Ancak Yargıtay’ın hak ihlali kararı veren AYM üyeleri hakkında suç duyurusunda bulunması, Türkiye’nin AKP eliyle bir eşiği daha aştığını gösteriyor.
Daha düne kadar AİHM kararlarının uygulanmasını talep edip beklerken, bugün iktidarın istemediği bir kararı veren ülkenin en yüksek mahkemesinin üyelerinin suçlandığına şahit oluyoruz.
Bundan böyle AYM üyesinden sıradan bir mahkeme başkanına kadar hiçbir hakim, kanuna, kitaba ve vicdanına göre karar veremeyecektir. Bu, AKP’nin yarattığı paralel yargı vesayetinin nelere cüret edeceğini göstermesi bakımından önemlidir ve bir ilk olarak tarihe geçecektir.
Aslında yargıda bugün yaşadığımız gelişmelerin temelinde Türkiye’nin belki de en uğursuz günü olan 12 Eylül’ün yıl dönümünde, 2010 yılında yapılan referandumda yapılan değişiklikler var.
Fethullah’ın “ölüleri bile mezarından kaldırıp evet oyu verdirin” dediği, HS(Y)K’nın yapısının AKP ve Fethullahçılar lehine değiştirilip yargıda siyasallaşmanın önünün açıldığı referandumdan sonra Türkiye’de hukuk her geçen gün ölürken, yargıdaki partizanlık da her geçen gün arttı. Yani bu işi Fethullahçılar başlattı ancak AKP devam ettirerek bugünlere kadar getirdi.
Erdoğan’ın “kararlarını tanımıyorum” dediği, Bahçeli’nin ortalama ayda bir kez kapatılmasını istediği, yerel mahkemenin bile kararını takmadığı AYM, en sonunda verdiği bir karardan dolayı suçlu ilan edildi. Yarın bir gün hak ihlali kararı veren AYM üyeleriyle Can Atalay’ı aynı terör örgütünde görürsek şaşırmayalım.
Bugün mağdur oldular diye kimse AYM’yi ve üyelerini de masum sanmasın. İşlerin bu noktaya gelmesinde onların da payı var. Bugün bir anayasal darbeden, bir hukuk darbesinden bahsediyorsak, Anayasa’nın uygulanmamasından şikayetçiysek, bunun en başta gelen sorumlularından biri de AYM’dir. Kendileri defalarca Anayasaya aykırı karar vererek zaten sürecin bu noktaya kadar gelmesini sağladılar. Ancak bunda payları var diye de “oh olsun” diyecek halimiz yok. Türkiye’de hukuk yok edilince, olan onlardan daha çok bize olacak.
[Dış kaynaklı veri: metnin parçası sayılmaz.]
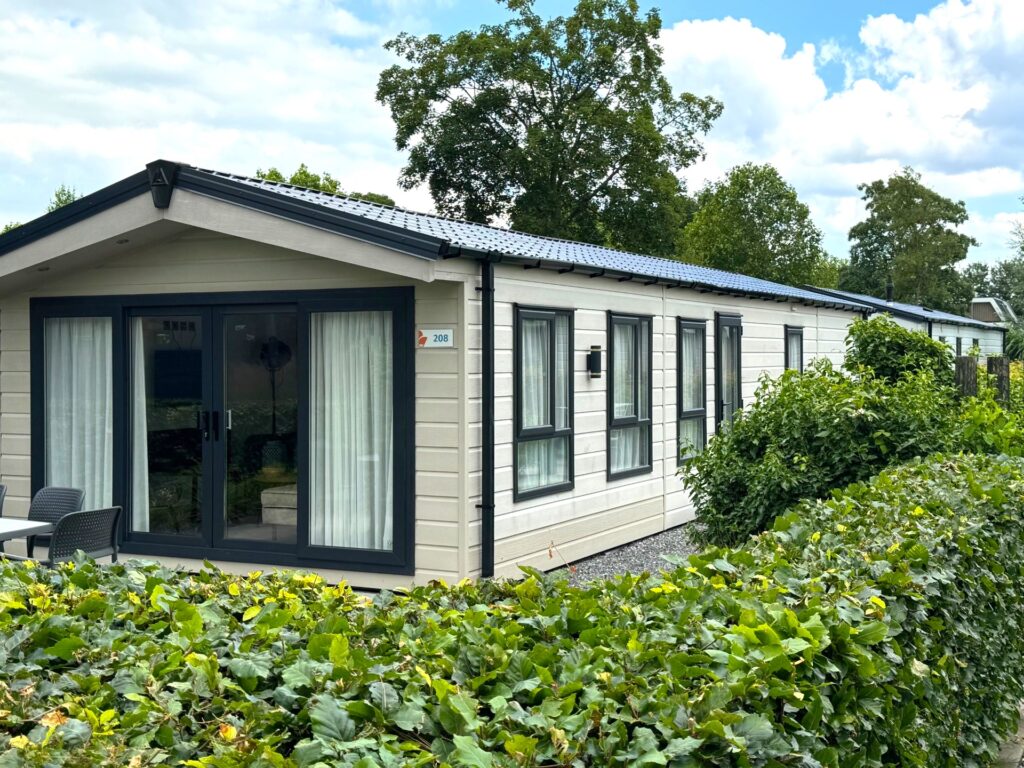 vakantiehuis chalet EuroParcs Zuiderzee vakantiehuis Zuiderzee Type Chalet 4 persoons chalet 4 personen vakantiehuis kavel 208 recreatiewoning vakantiehuis te koop huisje in Flevoland bungalowpark Zuiderzee recreatiepark vakantiewoning EuroParcs vakantiehuis Nederland vakantiehuis kopen vakantiebungalow familievakantiehuis vrijstaand chalet luxe vakantiehuis weekendhuis Zuiderzee recreatiebungalow watersport vakantie rustig gelegen huisje vakantiehuis met tuin parkhuisje recreatievakantie weekendje weg vakantie in Nederland vakantiehuis dichtbij water kindvriendelijk vakantiehuis huisje huren Zuiderzee 4 personen bungalow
Yargıtay’ın hak ihlali kararı veren AYM üyeleri hakkında yaptıkları suç duyurusu, Türkiye’de AYM’nin hiçbir işlevinin kalmadığını göstermiştir. Bu, AYM’nin fiili olarak kapatılması anlamına gelmektedir. Madem çalıştırmayacaksınız, tamamen kapatın da kimseyi oyalamayın.
Yargıtay’ın AYM üyeleri hakkında yaptığı suç duyurusu, dönüp dolaşıp kendilerini vuracak bir uygulamanın başlangıcını oluşturdu. Suç duyurusunda bulunan Yargıtay 3. Ceza Dairesi, diyelim ki bir dava hakkında bozma kararı verdi ve mahkemeye gönderdi. Kararı alan yerel mahkeme, kararı uygulamayacağı gibi kararı veren Yargıtay 3. Daire üyeleri hakkında suç duyurusunda da bulunabilir artık. Ne de olsa bunun yolu bizzat 3. Daire tarafından açıldı.
Velhasılıkelam, yargının tepesinde yaşanan gelişmeler, devletin tepe noktasında yeni bir savaşın ve hesaplaşmanın başladığının ilk işaretleridir. Bunun henüz ne olduğu tam olarak bilinmese de etkilerinin tüm Türkiye’yi derinden sarsacağı kesin.